[[ DATASET CONTENT, beginning ]]

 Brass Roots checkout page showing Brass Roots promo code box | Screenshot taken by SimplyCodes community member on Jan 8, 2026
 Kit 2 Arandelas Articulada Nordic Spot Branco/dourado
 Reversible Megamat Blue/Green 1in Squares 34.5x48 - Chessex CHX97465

[[ DATASET CONTENT, end ]]

* [EXERCISE INSTRUCTIONS]:
Copy out the whole listing, exactly as written.

* [SOLUTION TO THIS PROBLEM]:
 Brass Roots checkout page showing Brass Roots promo code box | Screenshot taken by SimplyCodes community member on Jan 8, 2026
 Kit 2 Arandelas Articulada Nordic Spot Branco/dourado
 Reversible Megamat Blue/Green 1in Squares 34.5x48 - Chessex CHX97465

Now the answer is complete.